Unfortunately, it didn’t turn out that way.
Watching the masses of people take to the streets, there appeared to be something poignant, almost solemn about the occasion. If some were expecting the radical violence of the anti-Vietnam War protests chances are they went home disappointed. And I know this wasn’t just an affect of the media coverage, which, in fairness, did do a good job of representing its scale. The comrades and friends I spoke to afterwards all noted the strange respectfulness of the march. Leaflets and papers were politely accepted or declined. Protesters headed the instructions of the stewards. There were no confrontations with the police, no flag burning. For all the bad press it received, Ian McEwan's Saturday appeared to capture the sobriety of the occasion as I had it filtered back to me through acquaintances and the media.
But apart from allowing activists and the commentariat an opportunity to turn in nostalgic copy, for all its scale and celebration what impact did the anti-war march (and the anti-war movement) have on our politics? There are several things that spring to mind.
The September 11th terror attacks provoked a welling up of Islamophobia, and the war drive did little except reinforce it. Under attack by the media and right-wing politicians, this climate had a radicalising effect among young Muslims. For most it politicised a generation around the geopolitics of the Middle East and, particularly, the vexed issue of Israel/Palestine. Unfortunately, it was also a shot in the arm for fringe outfits like Hizb ut-Tahrir and Al-Muhajiroun, for British jihadism generally, and compounded the carefully contrived and assiduously cultivated discourse around terrorist attack. The Islamic panic certainly helped the BNP on its road to two MEPs and a London Assembly member as well.
Iraq has also raised the bar for future military intervention. Excluding the continuous and unceasing state of permanent war in Afghanistan, since 2003 British involvement in Libya and Mali has been tightly circumscribed compared to Blair's adventurism. The idea of the UK piling into a military confrontation with Iran over its nuclear programme is remote precisely because the government - any government - would not be able to sell another Iraq-style war on either humanitarian grounds or for enforced disarmament.

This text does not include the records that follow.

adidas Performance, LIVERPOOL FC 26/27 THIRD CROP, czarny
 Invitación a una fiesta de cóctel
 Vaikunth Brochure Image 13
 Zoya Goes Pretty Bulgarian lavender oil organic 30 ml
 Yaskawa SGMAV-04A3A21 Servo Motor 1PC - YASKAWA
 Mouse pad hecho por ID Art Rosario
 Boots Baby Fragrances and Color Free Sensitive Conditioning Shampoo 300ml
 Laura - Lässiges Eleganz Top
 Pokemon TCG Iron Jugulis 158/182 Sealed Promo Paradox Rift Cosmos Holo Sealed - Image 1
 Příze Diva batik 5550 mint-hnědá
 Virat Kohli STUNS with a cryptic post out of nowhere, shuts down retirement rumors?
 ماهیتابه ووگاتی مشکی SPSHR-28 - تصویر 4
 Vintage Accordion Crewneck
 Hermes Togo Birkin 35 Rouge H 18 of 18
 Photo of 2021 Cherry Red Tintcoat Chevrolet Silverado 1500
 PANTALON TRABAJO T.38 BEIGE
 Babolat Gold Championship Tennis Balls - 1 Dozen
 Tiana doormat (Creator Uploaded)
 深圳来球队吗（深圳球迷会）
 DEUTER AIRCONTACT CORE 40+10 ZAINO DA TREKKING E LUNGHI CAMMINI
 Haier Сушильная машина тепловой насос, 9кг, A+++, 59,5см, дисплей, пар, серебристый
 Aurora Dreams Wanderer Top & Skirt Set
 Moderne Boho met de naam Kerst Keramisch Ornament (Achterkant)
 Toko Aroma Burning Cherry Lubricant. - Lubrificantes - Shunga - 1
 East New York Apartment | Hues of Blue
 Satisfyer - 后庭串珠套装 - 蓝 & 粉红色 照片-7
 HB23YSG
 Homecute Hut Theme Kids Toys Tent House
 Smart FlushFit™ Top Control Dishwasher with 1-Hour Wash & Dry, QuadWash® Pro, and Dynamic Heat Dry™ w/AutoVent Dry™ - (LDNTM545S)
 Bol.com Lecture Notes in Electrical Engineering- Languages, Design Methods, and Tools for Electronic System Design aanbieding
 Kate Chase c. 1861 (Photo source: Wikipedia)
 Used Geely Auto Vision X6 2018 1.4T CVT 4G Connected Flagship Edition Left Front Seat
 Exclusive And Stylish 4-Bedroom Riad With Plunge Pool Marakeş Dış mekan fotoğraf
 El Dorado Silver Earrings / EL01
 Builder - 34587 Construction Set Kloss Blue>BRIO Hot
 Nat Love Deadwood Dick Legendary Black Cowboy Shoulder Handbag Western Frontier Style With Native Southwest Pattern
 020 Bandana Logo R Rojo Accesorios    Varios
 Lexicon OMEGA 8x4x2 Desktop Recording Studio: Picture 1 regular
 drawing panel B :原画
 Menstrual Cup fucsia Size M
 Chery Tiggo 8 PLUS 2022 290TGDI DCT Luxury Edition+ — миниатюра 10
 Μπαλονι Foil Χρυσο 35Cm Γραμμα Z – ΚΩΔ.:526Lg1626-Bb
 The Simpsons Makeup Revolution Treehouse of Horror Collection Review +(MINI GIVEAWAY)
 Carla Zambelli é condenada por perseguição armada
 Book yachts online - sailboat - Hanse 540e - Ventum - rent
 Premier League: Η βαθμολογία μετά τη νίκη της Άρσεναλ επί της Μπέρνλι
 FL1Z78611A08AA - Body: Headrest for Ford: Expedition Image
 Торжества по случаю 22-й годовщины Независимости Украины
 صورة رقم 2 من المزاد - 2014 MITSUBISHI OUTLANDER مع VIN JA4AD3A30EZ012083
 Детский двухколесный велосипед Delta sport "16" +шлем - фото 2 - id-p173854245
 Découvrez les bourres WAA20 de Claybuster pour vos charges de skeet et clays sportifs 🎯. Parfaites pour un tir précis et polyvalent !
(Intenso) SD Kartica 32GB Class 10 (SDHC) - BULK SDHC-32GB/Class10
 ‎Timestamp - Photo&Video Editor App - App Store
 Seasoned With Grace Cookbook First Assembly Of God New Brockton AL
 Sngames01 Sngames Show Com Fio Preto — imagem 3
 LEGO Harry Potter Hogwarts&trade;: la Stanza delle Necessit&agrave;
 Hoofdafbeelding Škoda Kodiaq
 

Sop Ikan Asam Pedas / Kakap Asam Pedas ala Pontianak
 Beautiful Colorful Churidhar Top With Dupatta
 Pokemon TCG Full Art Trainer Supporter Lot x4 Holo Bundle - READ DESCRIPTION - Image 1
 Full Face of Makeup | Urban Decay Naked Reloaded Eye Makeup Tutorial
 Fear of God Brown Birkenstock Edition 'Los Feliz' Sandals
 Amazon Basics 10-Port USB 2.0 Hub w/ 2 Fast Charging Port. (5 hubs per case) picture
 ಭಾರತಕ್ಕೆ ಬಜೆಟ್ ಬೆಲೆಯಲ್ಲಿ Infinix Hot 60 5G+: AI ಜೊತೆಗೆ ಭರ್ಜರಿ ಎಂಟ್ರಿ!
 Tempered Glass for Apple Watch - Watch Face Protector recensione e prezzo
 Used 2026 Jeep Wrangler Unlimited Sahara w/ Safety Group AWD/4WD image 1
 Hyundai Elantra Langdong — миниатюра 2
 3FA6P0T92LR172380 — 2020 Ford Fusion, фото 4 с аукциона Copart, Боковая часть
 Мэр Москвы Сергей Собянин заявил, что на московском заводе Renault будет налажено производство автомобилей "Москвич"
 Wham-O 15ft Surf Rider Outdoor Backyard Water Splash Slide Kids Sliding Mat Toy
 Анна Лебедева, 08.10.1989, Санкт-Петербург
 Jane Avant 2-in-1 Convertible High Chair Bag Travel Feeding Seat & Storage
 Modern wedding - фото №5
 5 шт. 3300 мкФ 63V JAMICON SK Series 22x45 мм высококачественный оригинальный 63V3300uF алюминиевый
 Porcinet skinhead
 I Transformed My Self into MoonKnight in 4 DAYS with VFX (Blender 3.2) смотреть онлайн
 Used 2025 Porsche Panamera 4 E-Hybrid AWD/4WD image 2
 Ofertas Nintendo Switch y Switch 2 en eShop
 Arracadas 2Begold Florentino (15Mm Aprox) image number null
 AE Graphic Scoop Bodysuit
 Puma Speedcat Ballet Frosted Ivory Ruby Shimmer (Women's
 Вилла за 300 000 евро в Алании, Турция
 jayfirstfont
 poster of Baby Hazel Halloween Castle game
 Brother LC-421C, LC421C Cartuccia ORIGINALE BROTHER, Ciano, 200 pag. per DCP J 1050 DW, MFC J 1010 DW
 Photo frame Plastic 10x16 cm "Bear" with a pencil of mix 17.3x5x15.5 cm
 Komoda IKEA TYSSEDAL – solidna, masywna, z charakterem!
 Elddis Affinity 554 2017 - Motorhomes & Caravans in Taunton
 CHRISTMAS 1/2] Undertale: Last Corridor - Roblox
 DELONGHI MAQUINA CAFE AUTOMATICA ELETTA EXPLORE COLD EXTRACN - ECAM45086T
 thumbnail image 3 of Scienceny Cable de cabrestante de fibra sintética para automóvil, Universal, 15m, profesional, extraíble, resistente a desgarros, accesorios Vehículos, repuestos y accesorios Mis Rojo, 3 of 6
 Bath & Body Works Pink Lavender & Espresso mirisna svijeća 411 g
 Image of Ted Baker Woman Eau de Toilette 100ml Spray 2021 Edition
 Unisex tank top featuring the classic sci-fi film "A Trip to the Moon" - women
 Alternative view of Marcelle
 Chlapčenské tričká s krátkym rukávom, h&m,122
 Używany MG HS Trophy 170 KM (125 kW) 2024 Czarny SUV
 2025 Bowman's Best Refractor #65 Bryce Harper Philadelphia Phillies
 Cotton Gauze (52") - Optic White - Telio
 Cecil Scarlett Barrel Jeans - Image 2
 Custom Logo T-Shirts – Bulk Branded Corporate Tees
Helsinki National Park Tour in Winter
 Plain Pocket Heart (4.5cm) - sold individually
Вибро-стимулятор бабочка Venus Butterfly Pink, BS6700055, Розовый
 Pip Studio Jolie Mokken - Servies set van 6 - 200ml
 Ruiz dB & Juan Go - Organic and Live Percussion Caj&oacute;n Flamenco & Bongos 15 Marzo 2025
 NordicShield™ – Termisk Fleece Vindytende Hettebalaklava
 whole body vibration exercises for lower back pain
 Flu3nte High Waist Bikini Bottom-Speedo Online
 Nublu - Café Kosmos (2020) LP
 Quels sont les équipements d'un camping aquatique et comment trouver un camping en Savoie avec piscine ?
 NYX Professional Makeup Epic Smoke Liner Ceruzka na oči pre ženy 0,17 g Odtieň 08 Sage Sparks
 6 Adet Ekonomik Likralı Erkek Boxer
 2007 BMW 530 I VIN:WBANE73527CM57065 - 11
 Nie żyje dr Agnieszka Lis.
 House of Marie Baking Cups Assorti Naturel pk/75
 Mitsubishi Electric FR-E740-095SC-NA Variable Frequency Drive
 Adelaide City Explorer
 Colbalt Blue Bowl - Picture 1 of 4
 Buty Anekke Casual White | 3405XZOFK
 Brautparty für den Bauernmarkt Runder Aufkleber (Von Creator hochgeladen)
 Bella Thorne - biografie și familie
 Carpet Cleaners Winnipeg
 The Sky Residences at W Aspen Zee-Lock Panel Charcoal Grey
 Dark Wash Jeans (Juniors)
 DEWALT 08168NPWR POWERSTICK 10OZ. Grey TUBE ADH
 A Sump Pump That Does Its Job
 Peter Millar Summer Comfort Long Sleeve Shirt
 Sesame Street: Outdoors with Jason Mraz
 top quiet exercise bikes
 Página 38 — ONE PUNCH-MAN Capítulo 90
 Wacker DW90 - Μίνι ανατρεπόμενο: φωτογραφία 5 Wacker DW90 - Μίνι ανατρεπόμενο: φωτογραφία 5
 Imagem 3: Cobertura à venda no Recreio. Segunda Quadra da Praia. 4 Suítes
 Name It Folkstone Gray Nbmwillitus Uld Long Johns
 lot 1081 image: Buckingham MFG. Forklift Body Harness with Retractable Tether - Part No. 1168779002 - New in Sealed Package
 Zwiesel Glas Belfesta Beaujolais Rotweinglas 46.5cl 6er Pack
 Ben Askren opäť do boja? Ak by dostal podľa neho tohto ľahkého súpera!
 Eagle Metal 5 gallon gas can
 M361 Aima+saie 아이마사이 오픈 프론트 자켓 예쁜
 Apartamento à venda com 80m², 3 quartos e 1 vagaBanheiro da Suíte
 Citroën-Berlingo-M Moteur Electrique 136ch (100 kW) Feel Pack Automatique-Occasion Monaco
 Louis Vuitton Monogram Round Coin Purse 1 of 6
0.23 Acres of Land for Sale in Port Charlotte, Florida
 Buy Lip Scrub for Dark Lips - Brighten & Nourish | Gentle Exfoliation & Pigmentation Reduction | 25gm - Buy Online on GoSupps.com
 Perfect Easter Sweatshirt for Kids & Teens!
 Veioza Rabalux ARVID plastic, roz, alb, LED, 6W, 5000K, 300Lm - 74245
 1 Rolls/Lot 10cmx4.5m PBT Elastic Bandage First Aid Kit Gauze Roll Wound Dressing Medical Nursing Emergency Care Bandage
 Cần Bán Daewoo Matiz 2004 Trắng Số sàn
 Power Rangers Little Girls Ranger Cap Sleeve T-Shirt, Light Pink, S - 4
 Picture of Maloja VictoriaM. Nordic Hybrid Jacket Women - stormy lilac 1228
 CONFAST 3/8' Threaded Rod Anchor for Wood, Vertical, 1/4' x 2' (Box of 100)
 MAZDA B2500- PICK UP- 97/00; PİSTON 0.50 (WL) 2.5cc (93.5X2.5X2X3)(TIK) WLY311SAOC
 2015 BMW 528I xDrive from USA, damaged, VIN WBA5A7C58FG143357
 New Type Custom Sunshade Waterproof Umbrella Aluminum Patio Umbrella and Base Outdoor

But most importantly for labour movement activists, the point is well made by Andrew Murray in his look-back for Stop the War. He suggests:
If our politicians wonder why they are held in such low esteem, it is not just their fiddling of expenses, nor their prolonged bipartisan infatuation with bankers and Rupert Murdoch. The rot began with the dodgy dossier, the "45-minute" Iraqi missile threat, the duplicitous diplomacy, and the decision to ignore the wishes of their own voters in preference to those of George Bush. Mainstream politics bought public contempt with the blood of millions.I believe the crisis of legitimacy of mainstream politics began before that, but nevertheless the observation is sound. Labour may have won the general election two years later, but in many ways Iraq broke the party for the remainder of its time in government. Labour voters by the million turned to the left-posing LibDems, or simply abstained. Constituency parties took a massive hammering. For example, it is my understanding that our CLP was 700-strong before the war. And despite having a relatively prominent anti-war MP, it lost somewhere in the region of 500 members.
This process of disenchantment and disillusion sped up and as it did so, as the main parties suffered what you might call a 'civic contraction', so mainstream politics became more dysfunctional, more cut off, and more obsessed with bubble issues. It has left a legacy politics has not really grappled with, much less overcome. There's a lesson there for parties who might defy the popular will.